Today's Minnesota Supreme Court chamber; not, however, where I argued this case.

Today’s Minnesota Supreme Court chamber; not, however, where I argued this case.

The Metrodome had a checkered history. Financially, it was an enormous success. Built for a song, relatively speaking, it was used nearly every day, year-round, for more than 30 years. Truthfully, nevertheless, the Dome was always unloved: it was built on the cheap, with artificial turf that in the early years was as hard as a parking lot, seats that were miserably aligned for baseball, and a Teflon dome that kept collapsing. (I was involved in litigation over the repeated dome collapses, too.) The Metrodome was sterile at best. No one ever compared it to Fenway Park or Wrigley Field.

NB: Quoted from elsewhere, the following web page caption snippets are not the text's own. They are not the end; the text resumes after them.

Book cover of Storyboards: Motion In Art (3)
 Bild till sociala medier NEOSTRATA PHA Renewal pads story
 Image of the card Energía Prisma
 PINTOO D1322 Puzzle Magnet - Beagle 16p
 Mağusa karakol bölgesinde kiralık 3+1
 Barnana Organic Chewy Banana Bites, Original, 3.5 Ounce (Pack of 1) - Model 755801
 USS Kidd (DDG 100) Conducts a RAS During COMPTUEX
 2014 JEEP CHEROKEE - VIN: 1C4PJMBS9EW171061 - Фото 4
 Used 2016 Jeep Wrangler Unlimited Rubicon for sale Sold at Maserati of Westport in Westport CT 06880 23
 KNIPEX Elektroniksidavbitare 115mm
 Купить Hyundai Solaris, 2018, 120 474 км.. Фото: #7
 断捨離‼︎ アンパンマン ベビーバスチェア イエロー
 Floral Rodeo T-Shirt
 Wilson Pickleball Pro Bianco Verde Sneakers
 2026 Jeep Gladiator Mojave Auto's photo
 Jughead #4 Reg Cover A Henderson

And yet…if you are Minnesota sports fan, who can forget the 1987 and 1991 pennant races, and World Series? Who can forget the wonderful evening in 1987 when the underdog Twins clinched the American League championship against the Detroit Tigers? And someone in the Twins marketing department had the idea of opening up the Metrodome to Twins fans, for free…and the team landed at the airport, got on a bus, and heard updates…there are 5,000 people at the Dome…now there are 15,000…and more than 50,000 by the time the team took the field to say thank you to the fans?

20070814__070816Twins87

I, personally, will never forget the 1991 World Series against the Atlanta Braves, when I had such good seats for the opener that Ted Turner and Jane Fonda were directly in front of me, one row down–they were in row 3 and I was in row 4–and Jane Fonda did the Tomahawk Chop non-stop for nine innings. Nor will I, or any other Minnesota sports fan, forget Game Six. By that time, I was traveling in Europe on business, and I awoke in the middle of the night in a hotel room in Munich, and on some unaccountable impulse crawled across the floor to turn on a black and white TV set, just in time to see Kirby Puckett win the game with a home run in the bottom of the 11th.

kirby-puckettGameSix

The new stadium will cost around a billion dollars, 20 times as much as the Metrodome. Maybe it will produce 20 times the memories; maybe not. For me and for many others, the destruction of the Metrodome, however little we may have appreciated it, is the end of an era.